Piper Jaffray & Co. will provide written confirmation to us following the close of trading on the NASDAQ Global Market each day in which our ordinary shares are sold under the equity distribution agreement. Each such confirmation will include the number of ordinary shares sold on such day, the net proceeds to us and the compensation payable by us to Piper Jaffray & Co. in connection with the sales of ordinary shares.

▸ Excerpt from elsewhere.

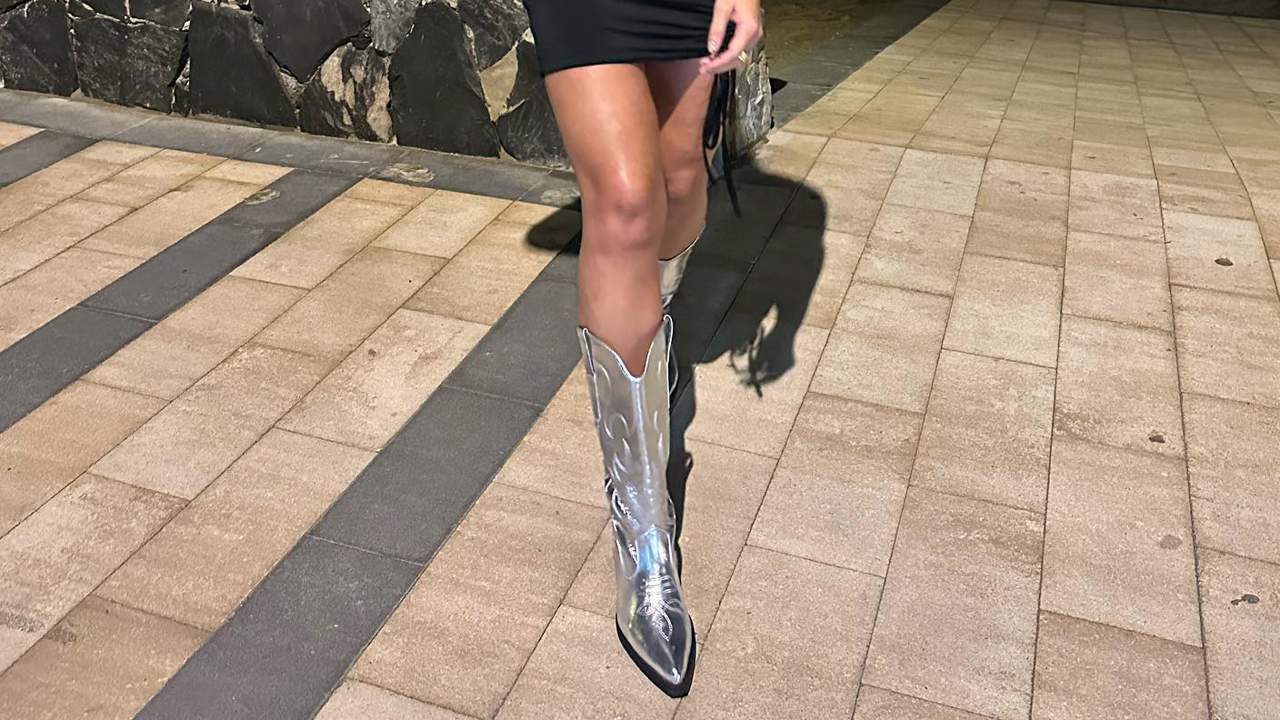 10 botas y botines cowboy para ir moderna y estilizada con vestido boho durante todo el otoño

We will pay Piper Jaffray & Co. commissions for its services in acting as agent and/or principal in the sale of ordinary shares. Piper Jaffray & Co. will be entitled to compensation in an amount equal to 3.00% of the gross sales price of all ordinary shares sold through it as agent under the equity distribution agreement. However, in the event Piper Jaffray & Co. acts as principal in the sale of ordinary shares under the equity distribution agreement, such rate of compensation will not apply, but in no event will the total compensation of Piper Jaffray & Co., when combined with the reimbursement of Piper Jaffray & Co. for the out-of-pocket fees and disbursements of its legal counsel as described below, exceed 8.0% of the gross proceeds received from the sale of the ordinary shares. We estimate that the total expenses for the offering, excluding compensation payable to Piper Jaffray & Co. under the terms of the equity distribution agreement, will be approximately $250,000. We have also agreed to reimburse Piper Jaffray & Co. for the out-of-pocket reasonable fees and disbursements of its legal counsel, in an amount not to exceed $50,000.

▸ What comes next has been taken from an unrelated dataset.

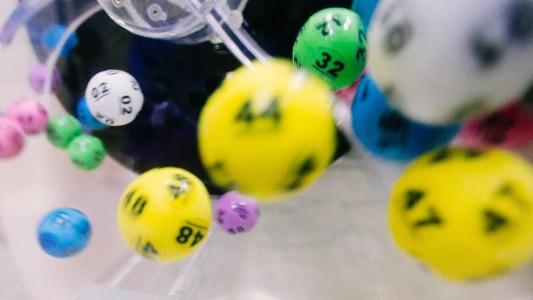 Número fornecido pelo ChatGPT garantiu prêmio na loteria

Settlement for sales of ordinary shares will occur on the third business day following the date on which any sales are made, or on some other date that is agreed upon by us and Piper Jaffray & Co. in connection with a particular transaction, in return for payment of the net proceeds to us. There is no arrangement for funds to be received in an escrow, trust or similar arrangement.

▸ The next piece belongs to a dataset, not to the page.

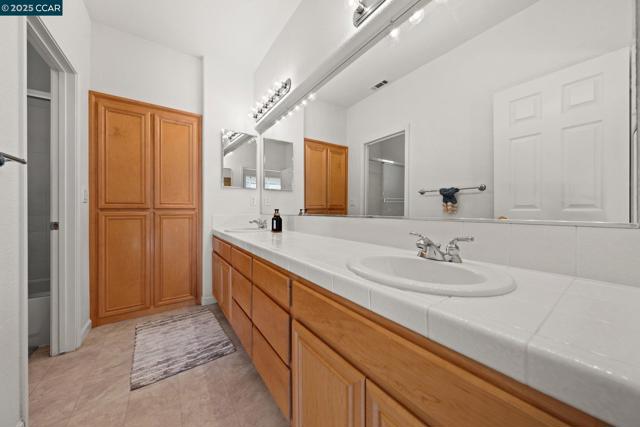 Image 29 of 60 For 868 Deer Spring Cir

We will report at least quarterly the number of ordinary shares sold through Piper Jaffray & Co., as sales agent, under the equity distribution agreement, the net proceeds to us and the compensation paid by us to Piper Jaffray & Co. in connection with the sales of ordinary shares.
Piper Jaffray & Co. and its affiliates have provided, and may in the future provide, various investment banking, commercial banking, fiduciary and advisory services for us from time to time for which they have received, and may in the future receive, customary fees and expenses. Piper Jaffray & Co. and its affiliates may, from time to time, engage in other transactions with and perform services for us in the ordinary course of their business.
In connection with the sale of the ordinary shares on our behalf, Piper Jaffray & Co. may, and will with respect to sales effected in an “at-the-market” equity offering, be deemed to be an “underwriter” within the meaning of the Securities Act, and the compensation of Piper Jaffray & Co. may be deemed to be underwriting commissions or discounts. We have agreed to indemnify Piper Jaffray & Co. against specified liabilities, including liabilities under the Securities Act, or to contribute to payments that Piper Jaffray & Co. may be required to make because of those liabilities.
The offering of shares of our ordinary shares pursuant to the equity distribution agreement will terminate upon the earlier of (1) the sale of all ordinary shares subject to the equity distribution agreement or (2) termination of the equity distribution agreement. The equity distribution agreement may be terminated by Piper Jaffray & Co. or us at any time on the close of business on the date of receipt of written notice, and by Piper Jaffray & Co. at any time in certain circumstances, including any suspension or limitation on the trading of our ordinary shares on the NASDAQ Global Market, as further described in the equity distribution agreement.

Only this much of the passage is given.